** INPUT MATERIAL follows **

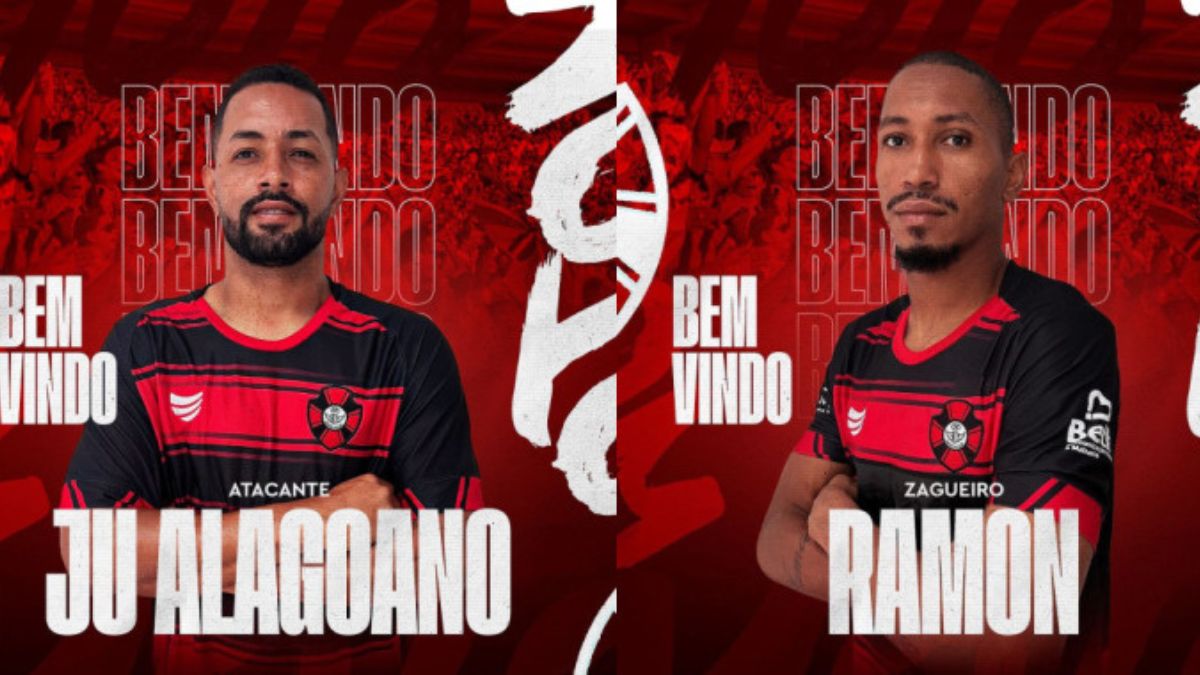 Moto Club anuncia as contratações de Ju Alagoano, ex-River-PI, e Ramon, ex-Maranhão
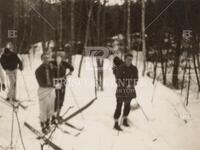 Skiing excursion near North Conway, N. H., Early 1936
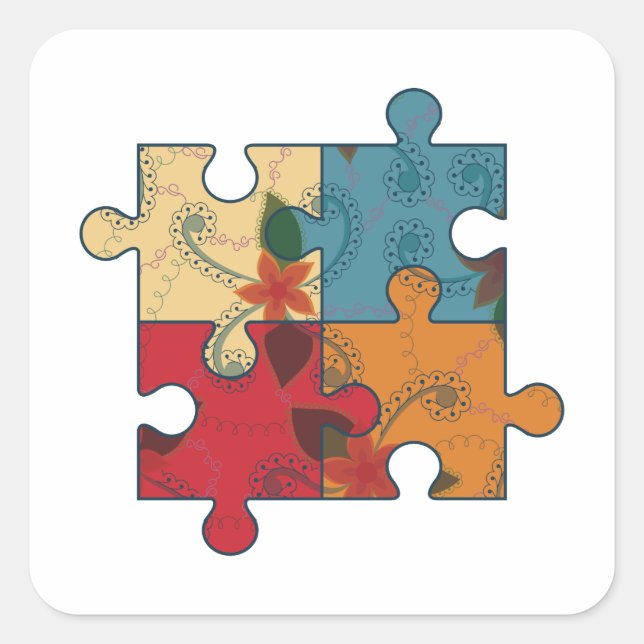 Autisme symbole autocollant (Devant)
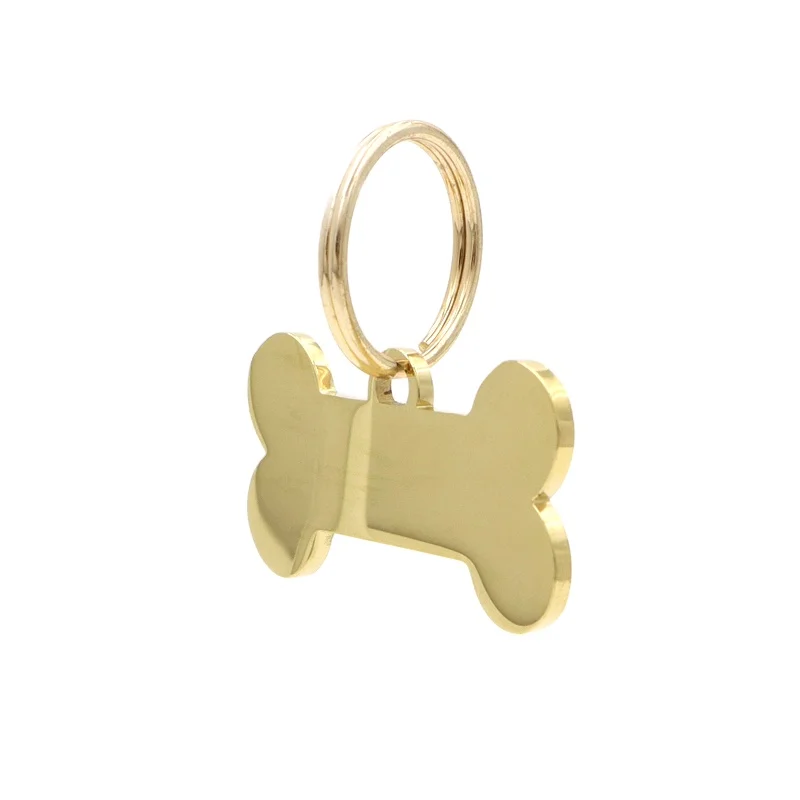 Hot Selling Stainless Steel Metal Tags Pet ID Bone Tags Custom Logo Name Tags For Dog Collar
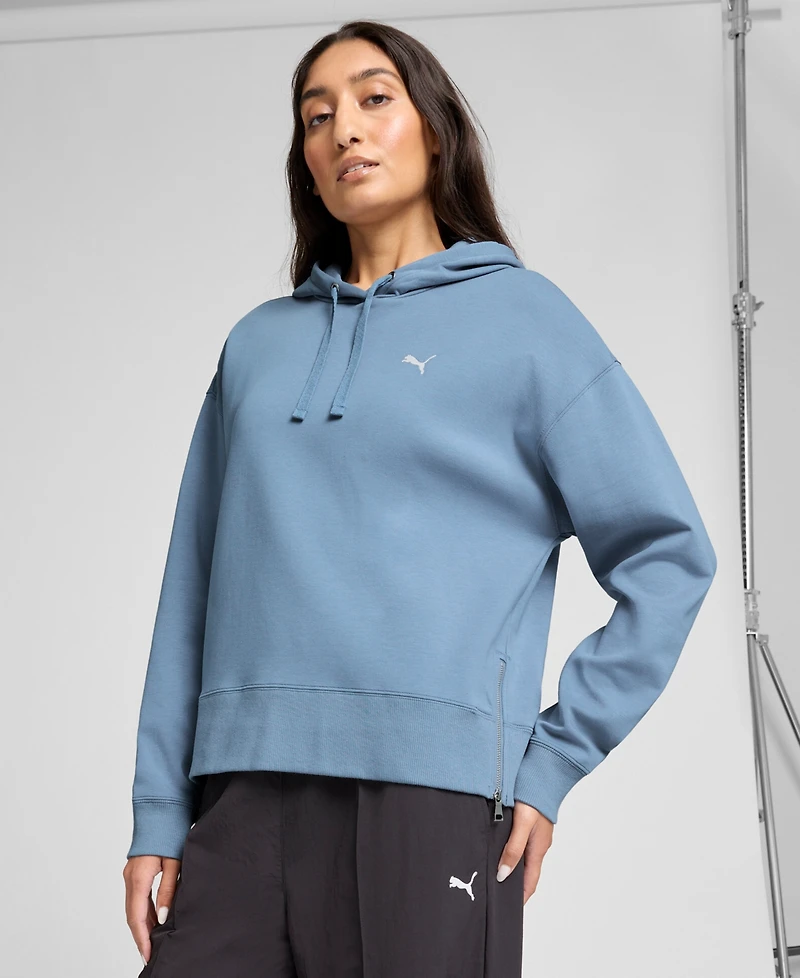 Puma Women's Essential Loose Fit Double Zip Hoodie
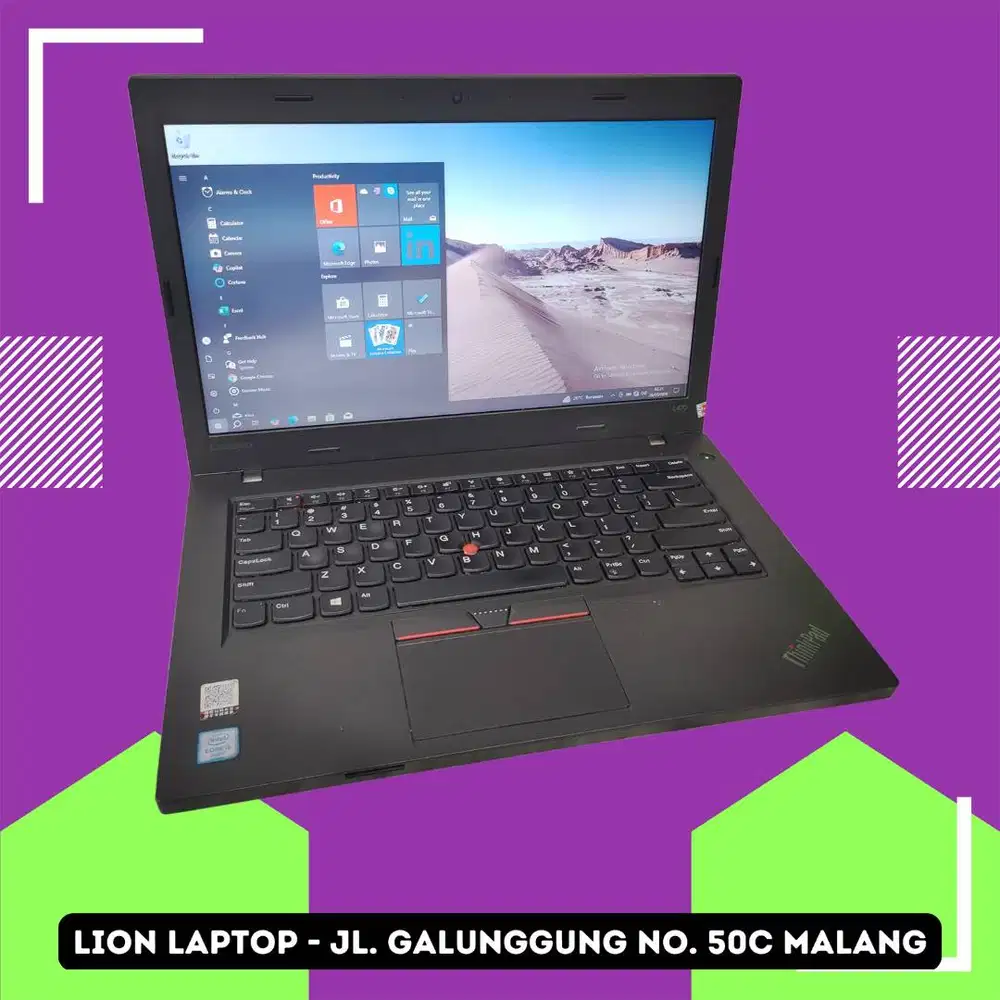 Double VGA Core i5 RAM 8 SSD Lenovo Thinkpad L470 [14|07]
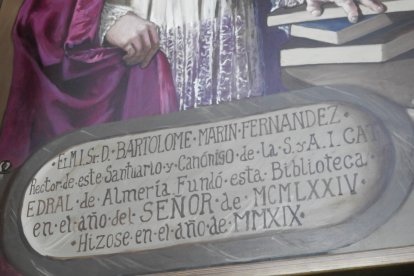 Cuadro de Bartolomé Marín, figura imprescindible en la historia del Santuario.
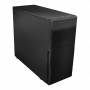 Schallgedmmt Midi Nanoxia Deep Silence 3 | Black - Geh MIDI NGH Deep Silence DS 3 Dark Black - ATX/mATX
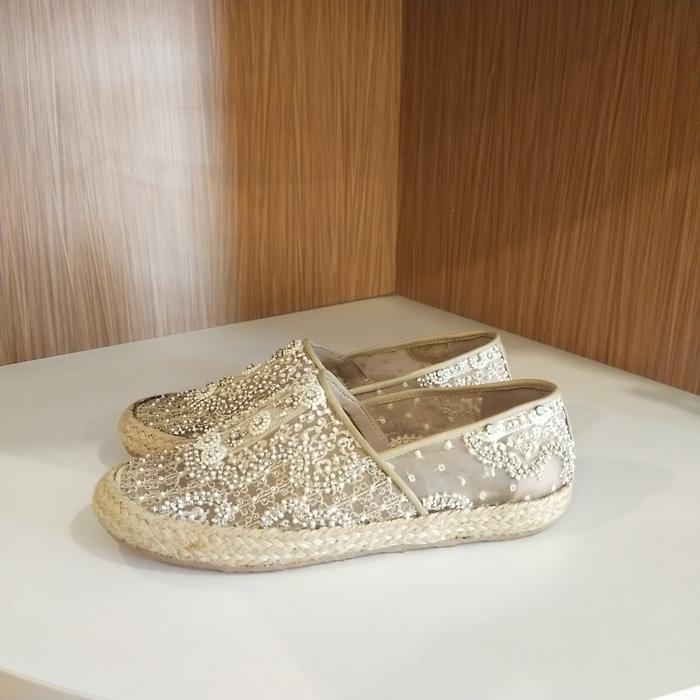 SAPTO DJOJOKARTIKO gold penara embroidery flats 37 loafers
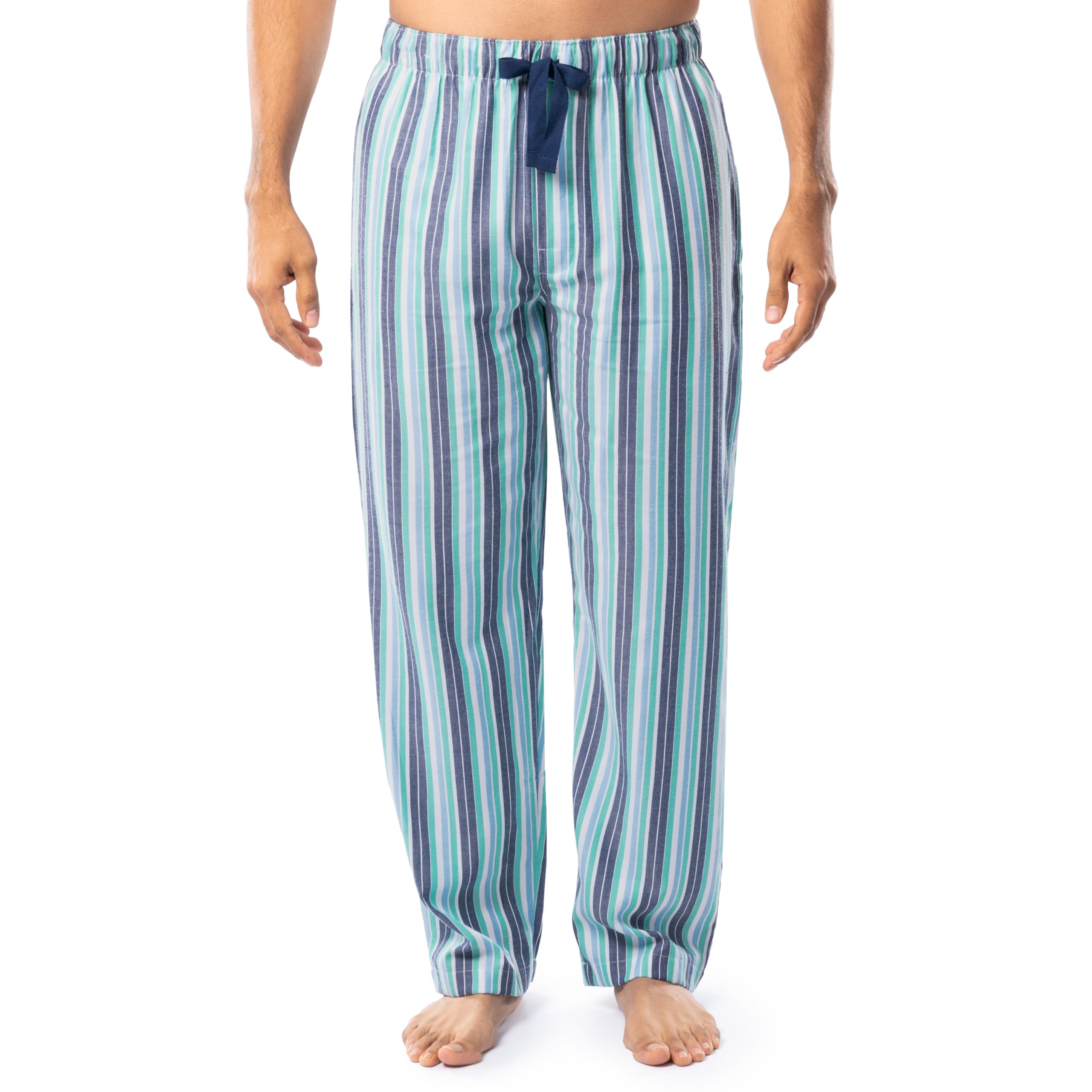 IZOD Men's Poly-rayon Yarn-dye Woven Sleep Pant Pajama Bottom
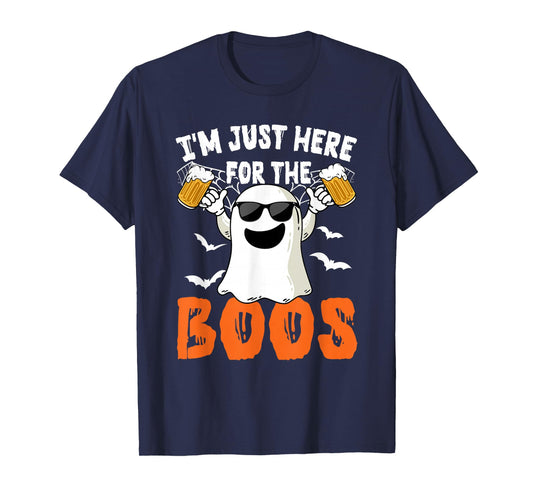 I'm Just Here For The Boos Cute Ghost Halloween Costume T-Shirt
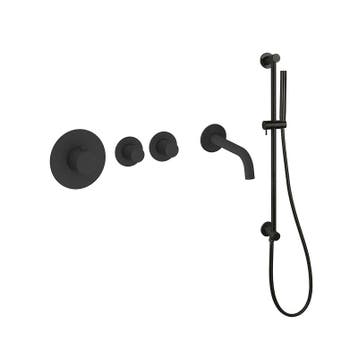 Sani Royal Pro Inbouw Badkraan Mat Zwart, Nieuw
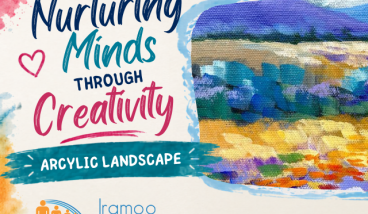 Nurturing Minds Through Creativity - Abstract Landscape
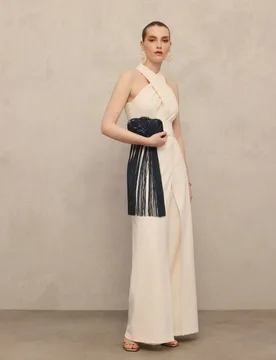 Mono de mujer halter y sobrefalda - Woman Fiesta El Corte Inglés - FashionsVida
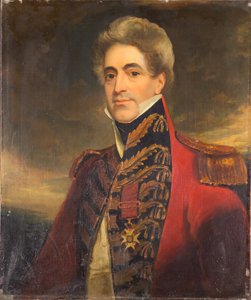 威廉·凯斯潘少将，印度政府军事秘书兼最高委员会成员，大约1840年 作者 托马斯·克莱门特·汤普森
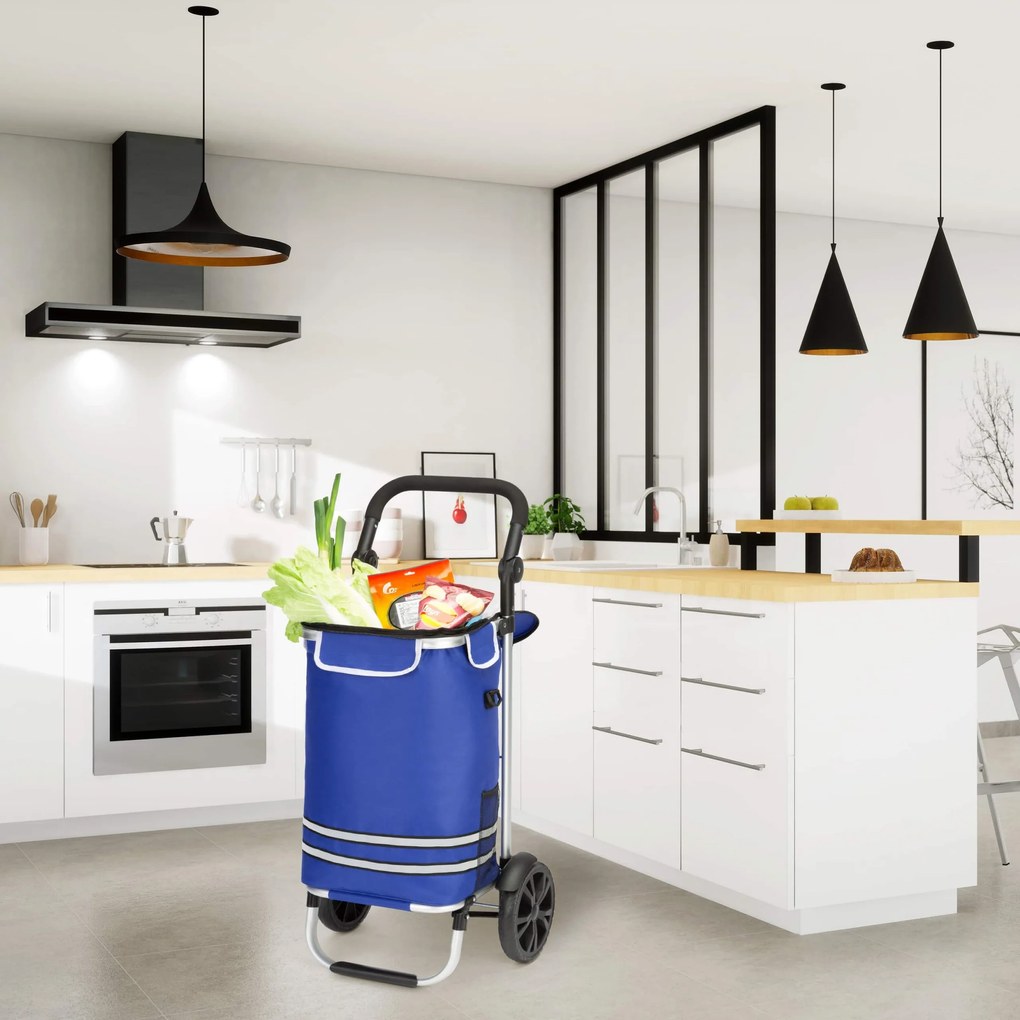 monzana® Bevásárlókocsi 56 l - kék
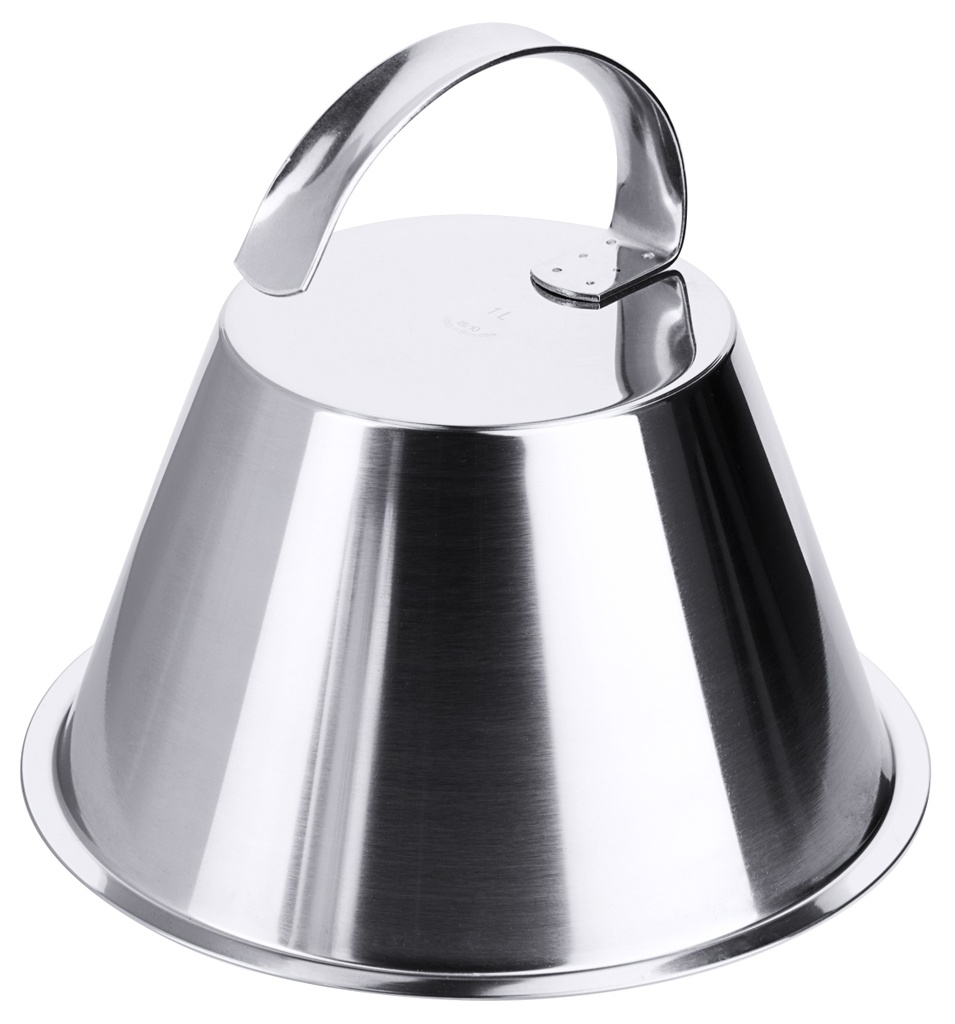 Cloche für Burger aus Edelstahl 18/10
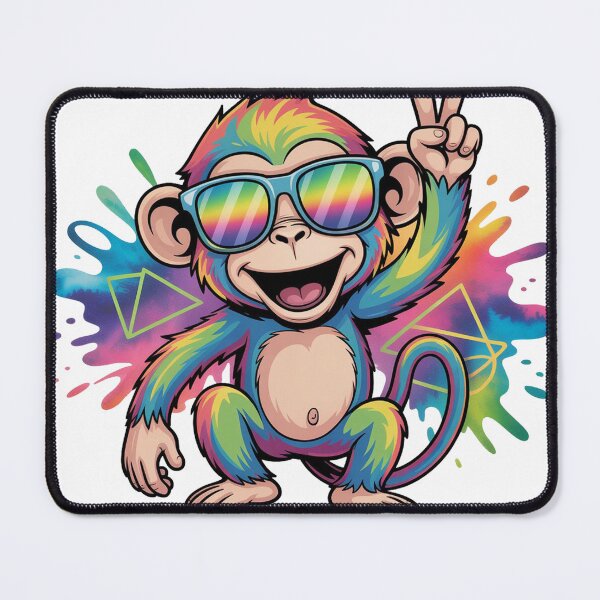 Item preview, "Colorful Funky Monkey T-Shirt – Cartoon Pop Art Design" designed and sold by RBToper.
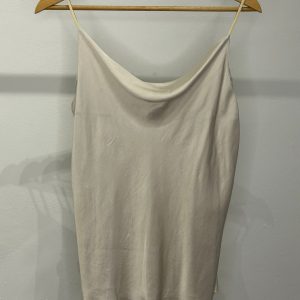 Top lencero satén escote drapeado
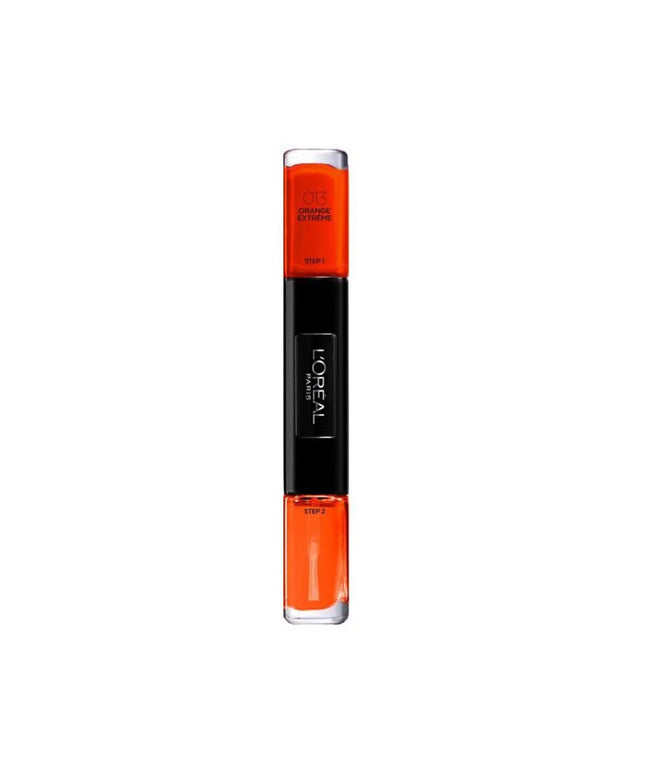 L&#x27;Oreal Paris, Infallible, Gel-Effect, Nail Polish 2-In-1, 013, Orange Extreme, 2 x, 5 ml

** End of INPUT MATERIAL **

TASK DETAILS: The answer is the lines above from the one with "Autisme symbole autocollant (Devant)" to the one with "Nurturing Minds Through", set down exactly, with no pictures.

ANSWER SECTION:
 Autisme symbole autocollant (Devant)
 Hot Selling Stainless Steel Metal Tags Pet ID Bone Tags Custom Logo Name Tags For Dog Collar
 Puma Women's Essential Loose Fit Double Zip Hoodie
 Double VGA Core i5 RAM 8 SSD Lenovo Thinkpad L470 [14|07]
 Cuadro de Bartolomé Marín, figura imprescindible en la historia del Santuario.
 Schallgedmmt Midi Nanoxia Deep Silence 3 | Black - Geh MIDI NGH Deep Silence DS 3 Dark Black - ATX/mATX
 SAPTO DJOJOKARTIKO gold penara embroidery flats 37 loafers
 IZOD Men's Poly-rayon Yarn-dye Woven Sleep Pant Pajama Bottom
 I'm Just Here For The Boos Cute Ghost Halloween Costume T-Shirt
 Sani Royal Pro Inbouw Badkraan Mat Zwart, Nieuw
 Nurturing Minds Through Creativity - Abstract Landscape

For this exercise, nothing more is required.